What to serve with Dill Dip
This crowd pleaser dip pairs perfectly with so many different things! Here are a few ideas on how to use it:
- With vegetables such as carrots, celery, red pepper slices, cherry tomatoes, cucumber slices
- Use as a dipping sauce for potato chips, pita chips or crackers
- Serve alongside grilled meats
- As a spread for sandwiches
- Use it as a spread over your toasted burger buns (especially when serving a lamb burger)

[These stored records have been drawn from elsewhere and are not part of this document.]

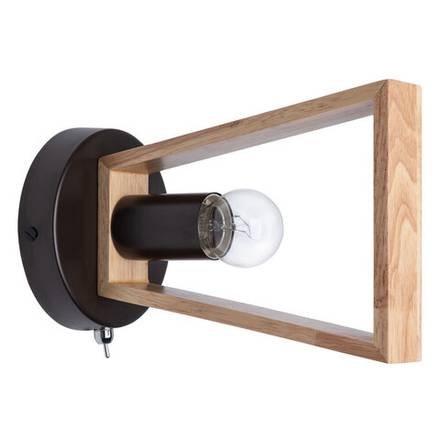 Настенный светильник Arte Lamp BRUSSELS A8030AP-1BK, 1хE27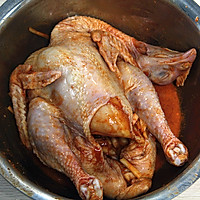 【感恩节】餐桌上“鸡”情四射，比肯德基还美味的奥尔良烤鸡！的做法图解4
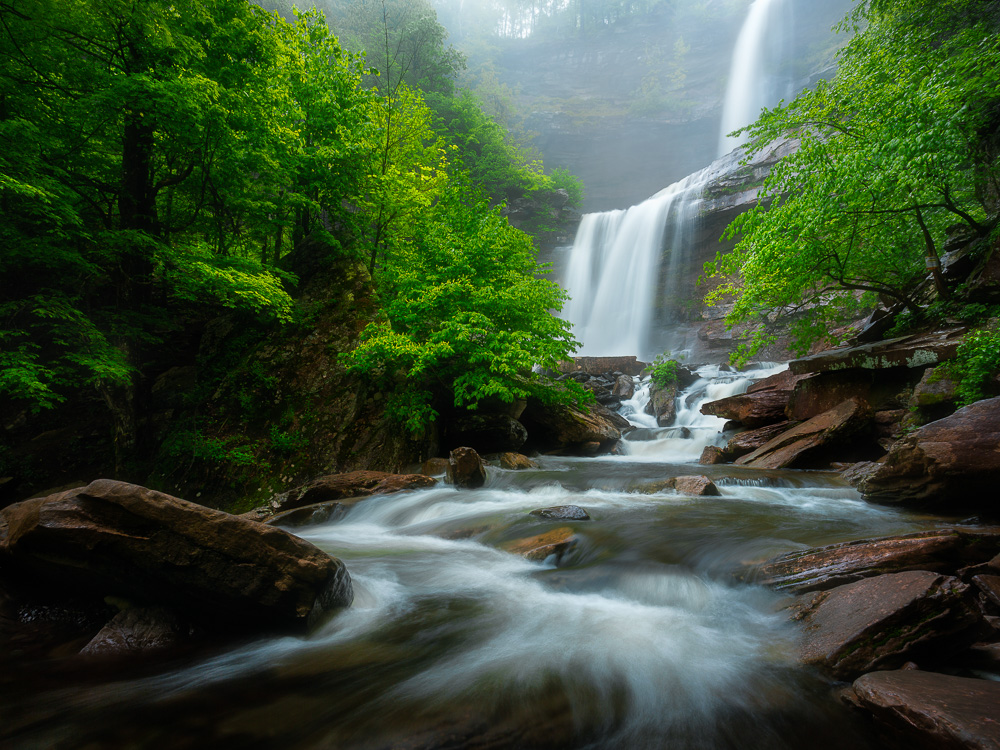 WHEN IT RAINS | Kaaterskill Falls, Haines Falls, NY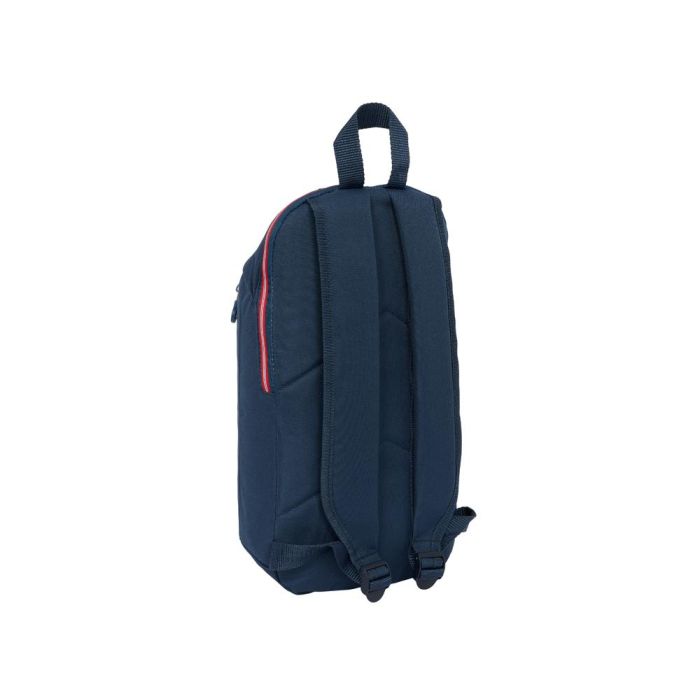 Safta Mini Mochila Cremallera Vertical El Ganso "Classic" 8,5 L Azul 1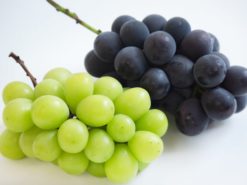 マスカットとぶどう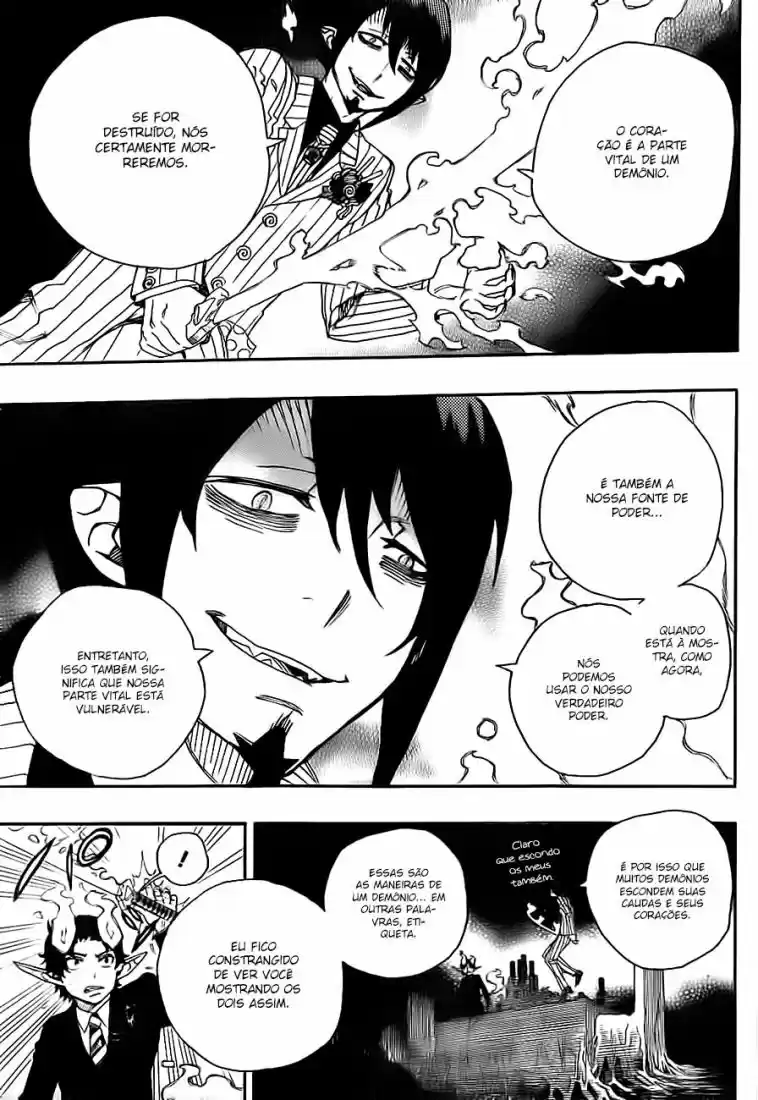 Read Blue Exorcist pt Manga Online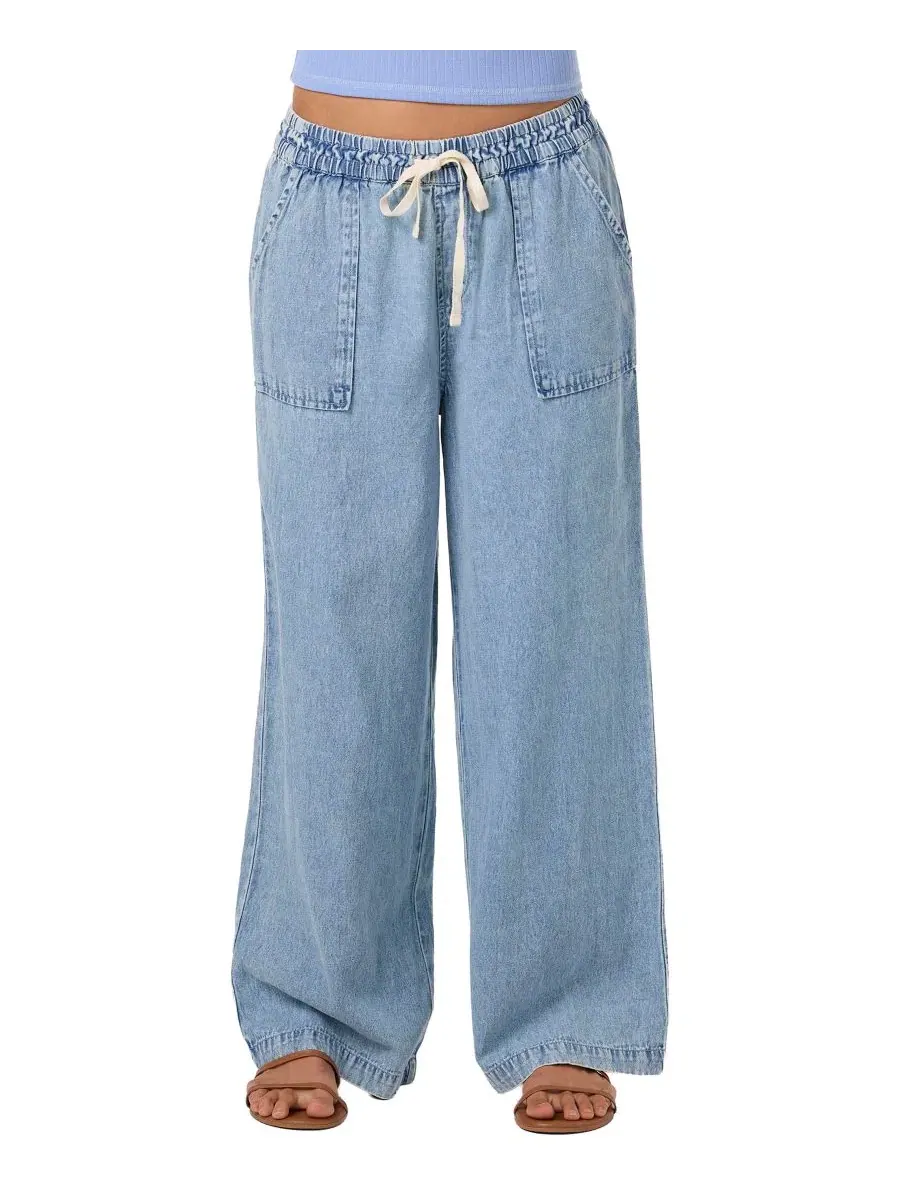 Джинсовые брюки с эластичным поясом Sevie Pull-On Denim Pants O'Neill, Drifter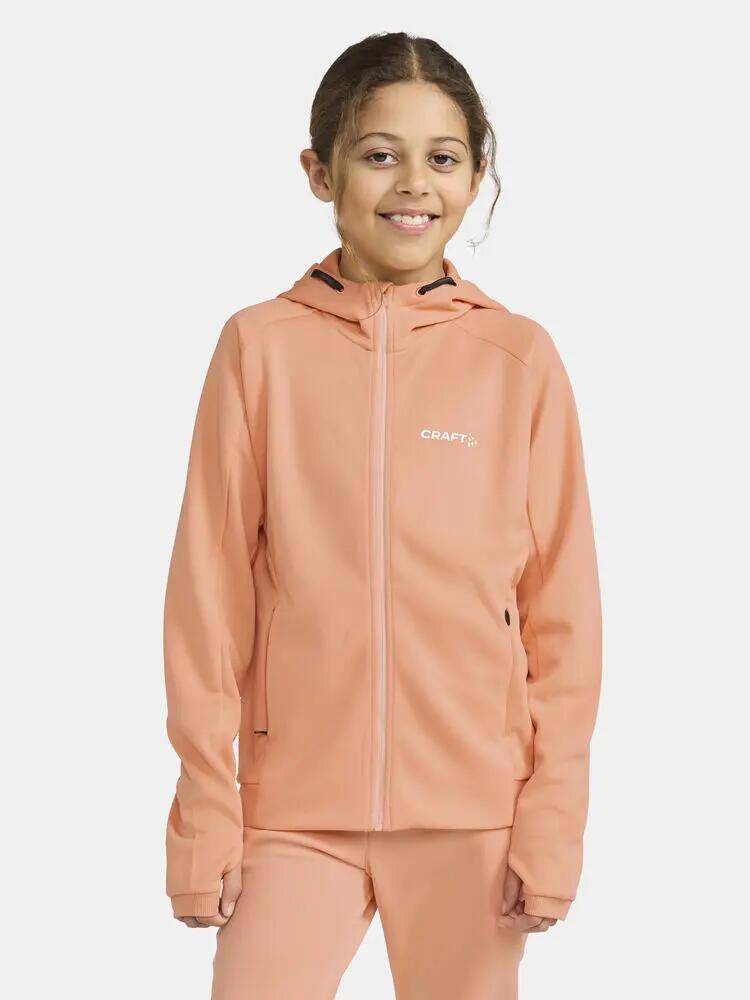 craft Evolve Hood Jacket Jr veste à capuche extensible 3/6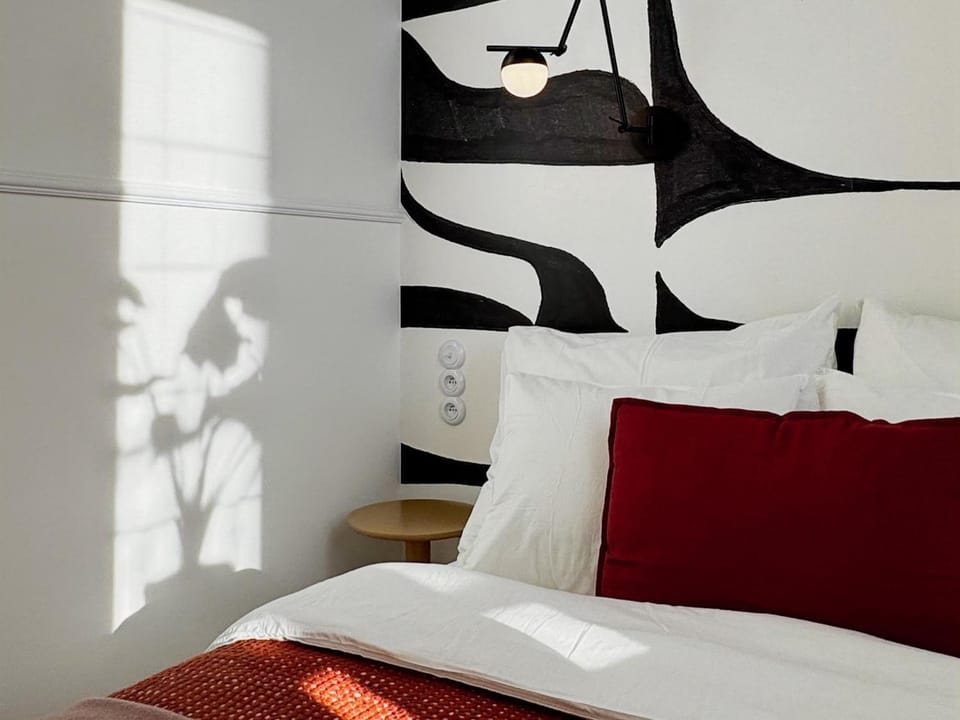 Decorative detail, Bedroom, Time of day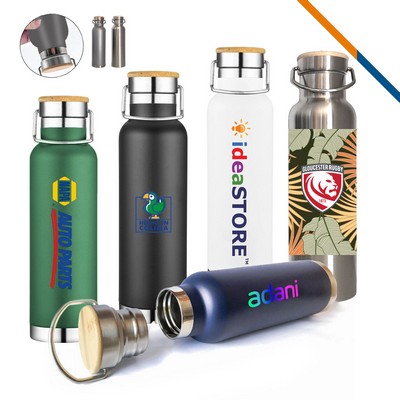 Quarice Stainless Steel Water Bottle - 20 Oz.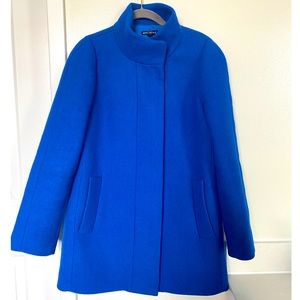 J CREW city coat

Can I make Dill Dip ahead of time?
Absolutely! One of the great things about this easy dill dip recipe is that you can make it ahead and store it in the refrigerator
How to Store Dill Dip /
How long is Dill Dip good for?
Cover and refrigerate! When preparing to refrigerate dill dip, make sure to cover your serving bowl tightly with plastic wrap so that the dip doesn’t dry out. Or you can use any kind of airtight container. It will last up to four days stored like this. Be sure to stir it before serving, as the flavors may settle into layers over time.
Can I Freeze Dill Dip?
No. Unfortunately, since dill dip is dairy it will not thaw very well. The dill dip would lose flavor and lose its appetizing smooth texture and become chunky when thawed after being frozen.
- 1 cup mayonnaise
- 1 cup sour cream
- 1 tsp dried parsley flakes
- 1 tbsp dried onion flakes
- 1/4 tsp onion powder
- 1 ½ tbsp dried dill weed
- 1 tsp seasoning salt
- 1/2 tsp sugar
- Combine all ingredients together and chill for at least 1 hour before serving. For best results chill overnight.
- Serve as a dip with chips or with veggies. 😀
If you'd like to make a lighter version of this, you can substitute the mayonnaise for some plain flavoured Greek Yogurt.